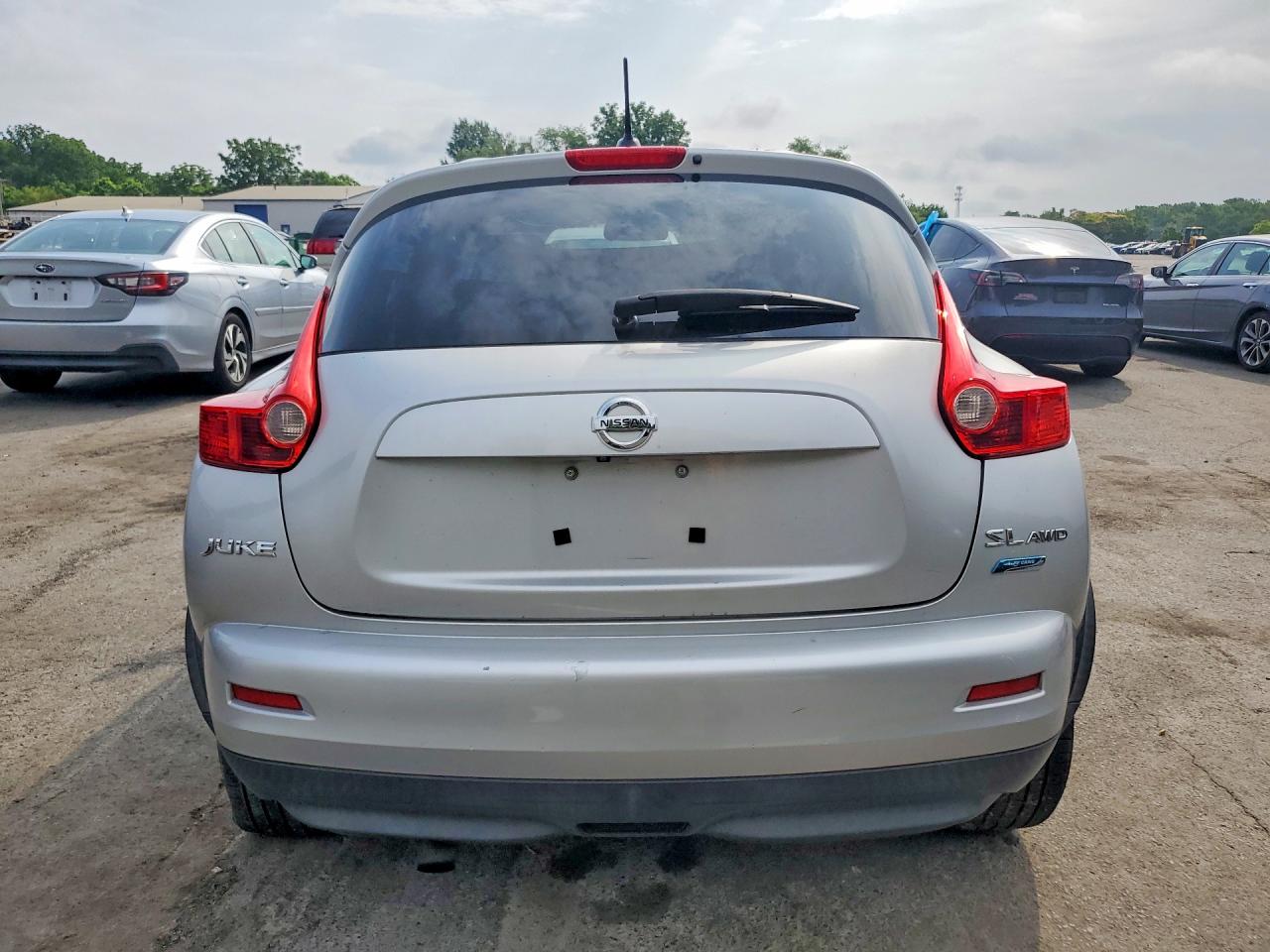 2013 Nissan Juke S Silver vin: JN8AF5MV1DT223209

──────

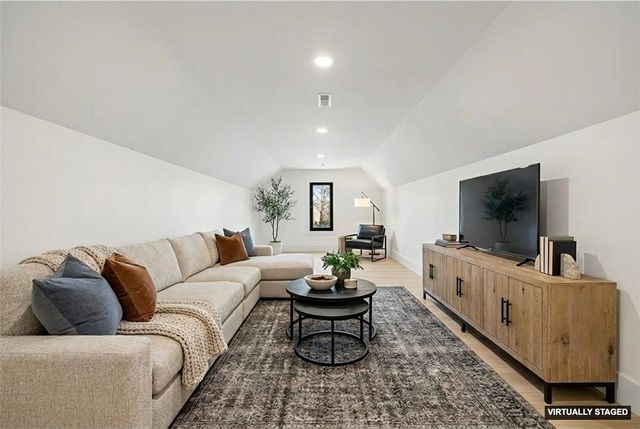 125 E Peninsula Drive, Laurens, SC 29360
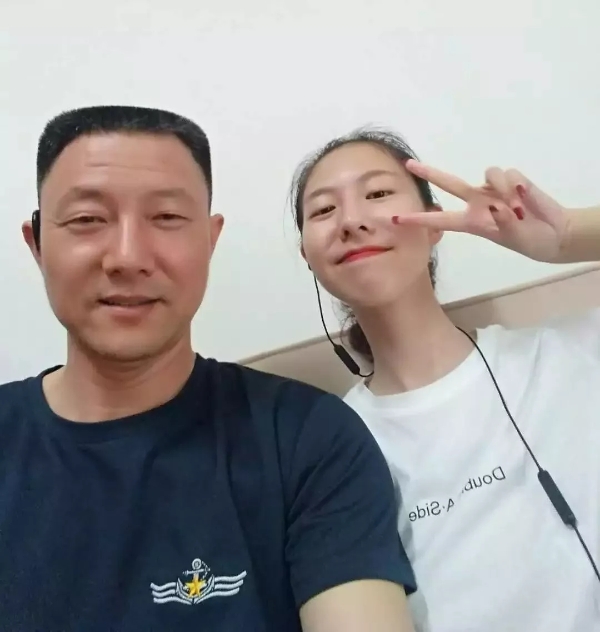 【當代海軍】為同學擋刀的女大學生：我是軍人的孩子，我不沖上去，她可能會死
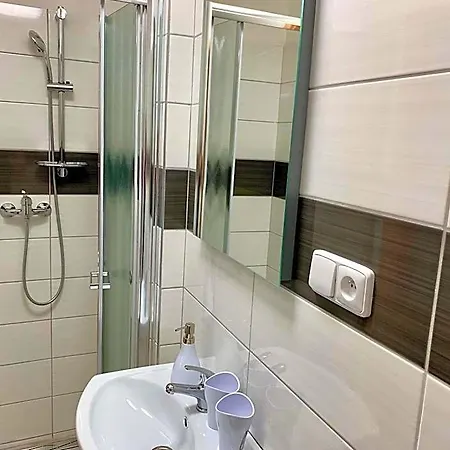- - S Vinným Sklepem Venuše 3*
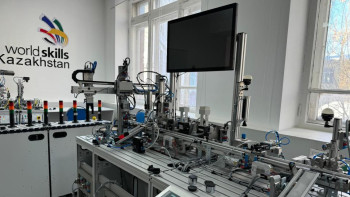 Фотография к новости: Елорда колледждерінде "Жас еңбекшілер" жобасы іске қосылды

──────

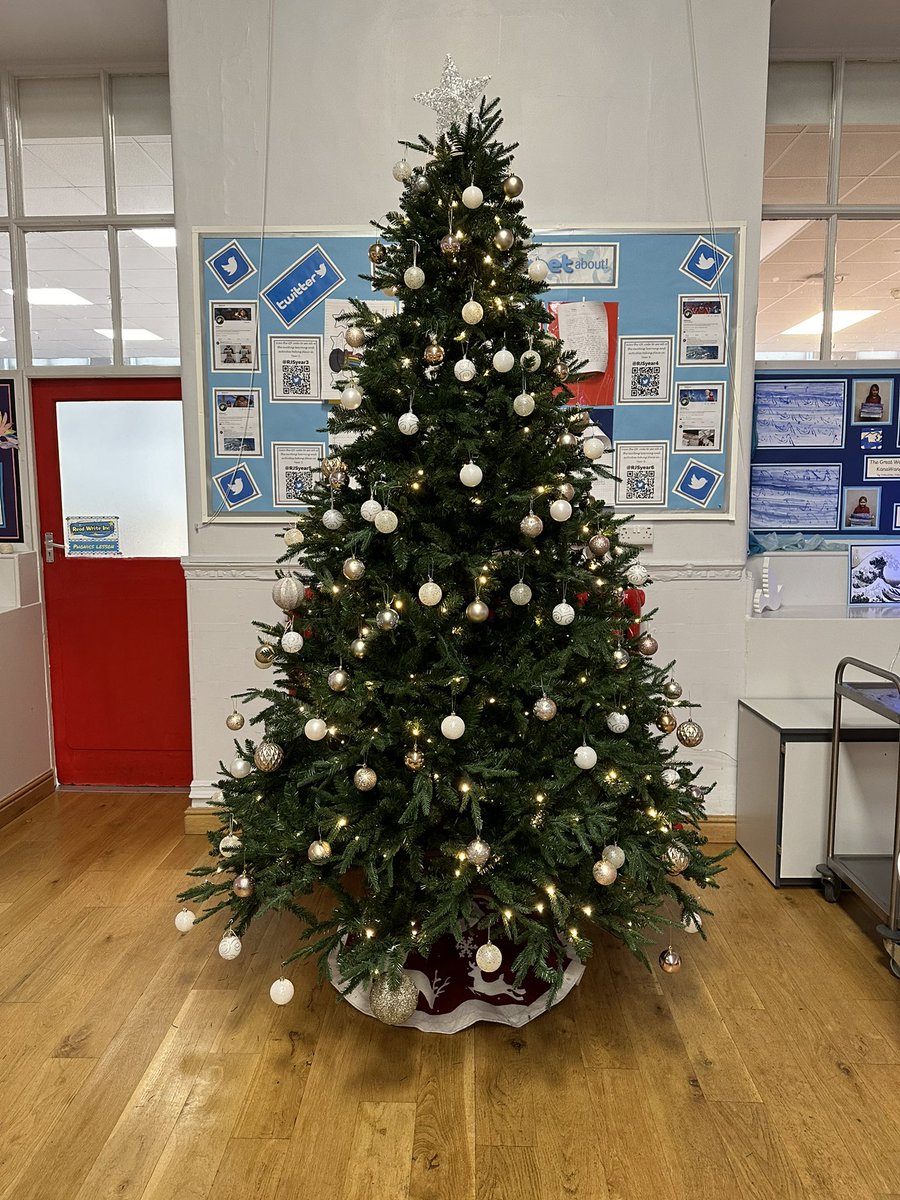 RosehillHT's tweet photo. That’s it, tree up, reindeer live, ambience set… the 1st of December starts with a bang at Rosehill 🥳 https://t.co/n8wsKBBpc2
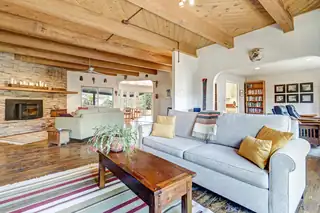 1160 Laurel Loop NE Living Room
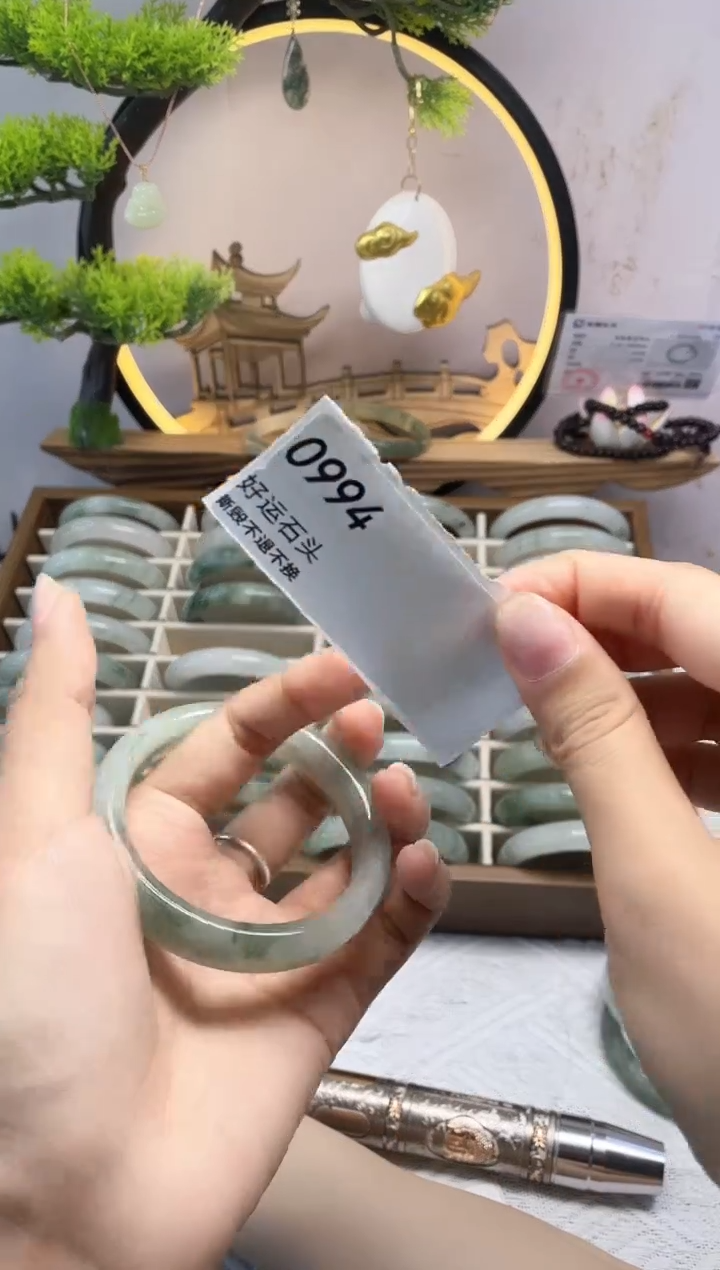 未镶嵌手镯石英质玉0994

──────

[Exercise aim]
Set down word for word the lines above from the one with "125 E Peninsula Drive, Laurens, SC 29360" up to and including the one with "Фотография к новости: Елорда". Omit every picture.

[Your solution]
 125 E Peninsula Drive, Laurens, SC 29360
 【當代海軍】為同學擋刀的女大學生：我是軍人的孩子，我不沖上去，她可能會死
- - S Vinným Sklepem Venuše 3*
 Фотография к новости: Елорда колледждерінде "Жас еңбекшілер" жобасы іске қосылды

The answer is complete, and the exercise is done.